Commentary
Video
Author(s):
Keith Ferdinand, MD, professor of medicine, Gerald S. Berenson Chair in Preventative Cardiology, Tulane University School of Medicine, continues his discussion on treatment approaches for patients with cardiovascular-kidney-metabolic (CKM) syndrome.
In the second part of this interview, Keith Ferdinand, MD, professor of medicine and the Gerald S. Berenson Chair in Preventative Cardiology, Tulane University School of Medicine, shares new insights on cardiovascular-kidney-metabolic (CKM) syndrome, and its treatment landscape.
Ferdinand recently authored an article for The American Journal of Managed Care® providing an overview of CKM syndrome.
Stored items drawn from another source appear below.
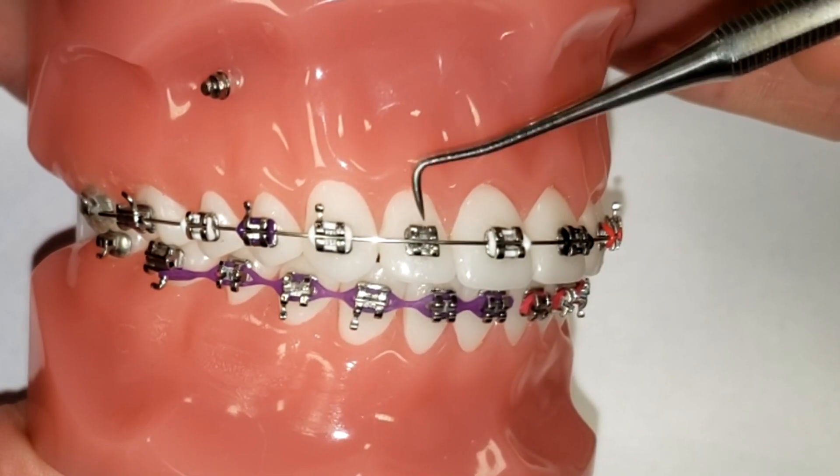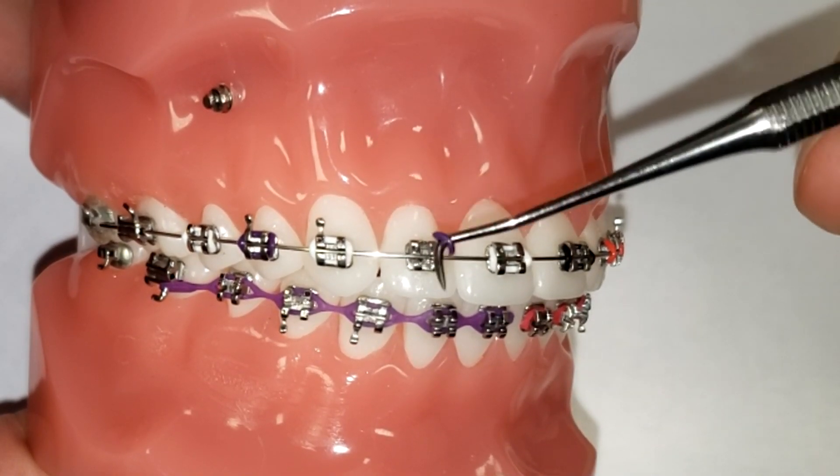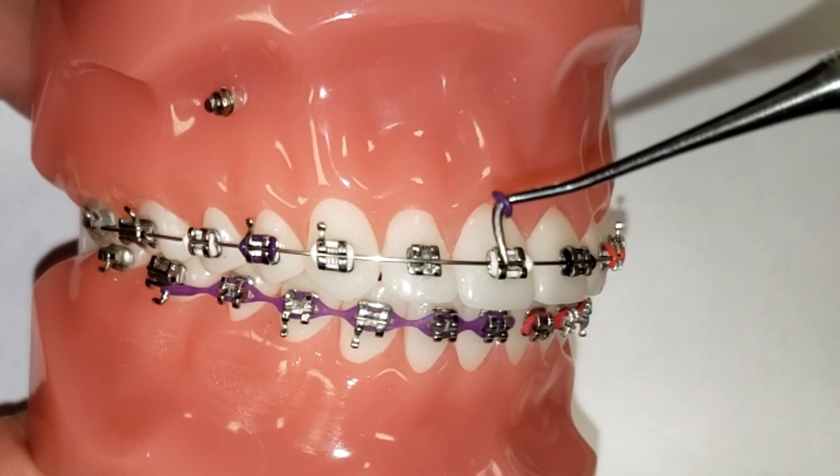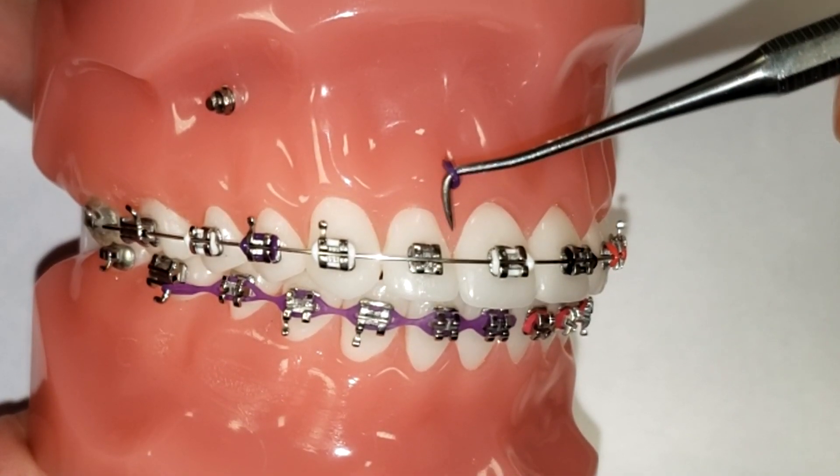So what do you do about that? Unfortunately, you're not going to be able to put the color back on. So if it's just a little single color like this, then you're probably fine. I would advise you to take a picture of it and send it to your orthodontist and ask them what to do.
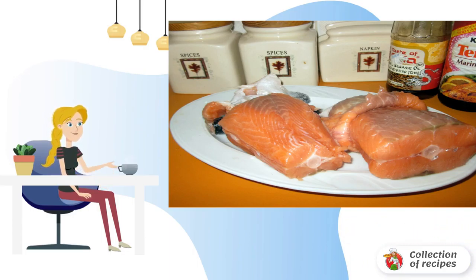Grilled fish in the microwave at home can be cooked with absolutely any spices that you like. Leave it a little soaked in flavors and aromas. Grease the microwave grill with vegetable oil, and if desired, you can also lubricate the fish with a small amount of oil.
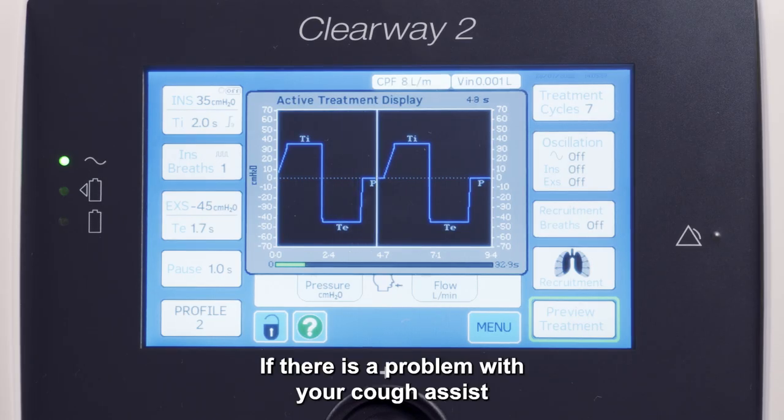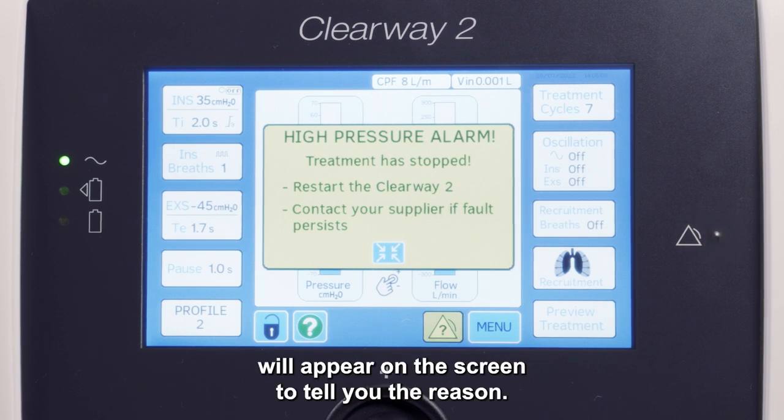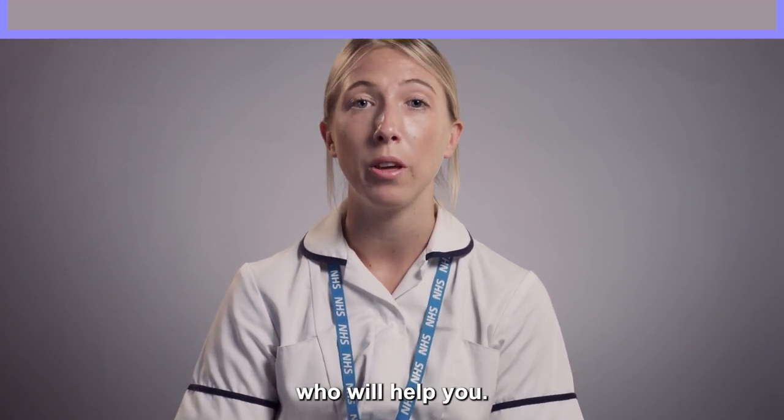If there is a problem with your Cough Assist, an alarm will sound and a yellow LED will flash. A message will appear on the screen to tell you the reason. If you are caring for someone, first check that they are okay. If you are unable to fix the problem, please contact the Home and IV Team who will help you.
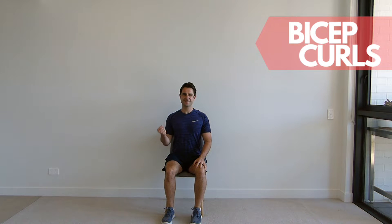Sitting up tall in your chair, place one arm straight beside you. From this position, curl your arm all the way up to the top and then slowly lower it back down. Repeat for the set repetitions and alternate arms. Ensure you fully straighten the arm on the way down and fully bend it up on the way up. This exercise can also be done with both arms at the same time.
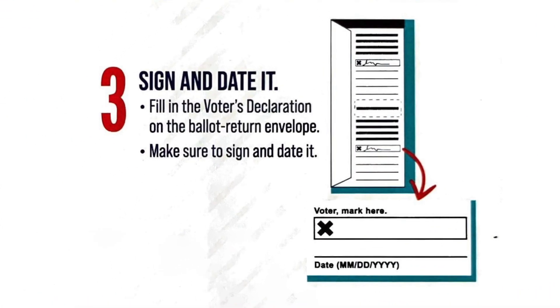Step three: sign and date it. Fill in the voter's declaration on the ballot return envelope. Make sure to sign and date it.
Learn more about management of CKM syndrome.
This transcript has been lightly edited.
Transcript
Can you discuss recent advancements in treatment, and how might new therapies change the standard of care?
The standard of care for CKM syndrome goes beyond simply measuring the traditional risk factors. We should screen for the social determinants of health, use some marker of central obesity—although the BMI is somewhat inaccurate— [and] also consider waist circumference. Note that BMI may vary based on race and ethnicity. In many populations of Asian descent, having obesity at 27 BMI vs 30, we then take into account measurement of certain subclinical risk factors, including urine albumin creatinine ratio, inflammatory markers such as HSCRP [high-sensitivity C-reactive protein], and other measures beyond the traditional risk factors.
Subsequently, it's necessary to screen for those traditional risk factors, acuity measured blood pressure, lipid levels, and dysglycemia. Once [the] disease becomes manifest, consider means of screening for subclinical disease, including echocardiography for left ventricular dysfunction and coronary calcium scoring.
Additionally, we now know that the CKM syndrome may actually be expanded beyond this axis and to involve the liver. What we previously called nonalcoholic steatohepatitis is now metabolic disease-associated liver disease, in which the patient can have steatohepatitis from fatty infiltration of the liver and lead to hepatic dysfunction, and in worst cases, hepatic failure. Therefore, it's a cluster throughout the body, not a silo, that explains these conditions
What are the biggest gaps in our current understanding of CKM syndrome, and what research areas do you believe should be prioritized?
Perhaps the biggest gap that we have is how to better get health care professionals, including physicians, subspecialists, and primary care clinicians to work together as a team. Even more importantly, expand that team beyond the clinicians themselves to include community members, community health workers, the patient, and the patient's family, along with other professionals who may not be directly prescribing, such as clinical pharmacists, nurses, nurse practitioners, or advanced practice nurses.
The team-based approach is perhaps going to be the linchpin for success going forward, we now have data with one study called COORDINATE (NCT03936660) that showed if we can give clinicians of various degrees of expertise to work together, not only with physicians, but other advanced practice nurses, nurse practitioners, clinical pharmacists, and with the community to educate and motivate everyone to work together, perhaps we can better address some of the underlying risk for the CKM syndrome.
Globally and especially in the United States, as the population ages, we're going to see more CKM syndrome, increased diabetes, physical inactivity, and central obesity.
Therefore, we can expect that we will need a multi-faceted, team-based approach to decrease this increasing tsunami of CKM syndrome and outcomes that will be expected to increase cardiovascular mortality. In fact, since the pandemic, cardiovascular mortality now does appear to increase, and if we don't effectively manage CKM syndrome with team-based care, we will never be able to curtail the upcoming tsunami. We as health care professionals, along with the community, the patients, the patients’ family, and other members who will all have an impact on the patient's outcomes, need to work together to better manage CKM syndrome.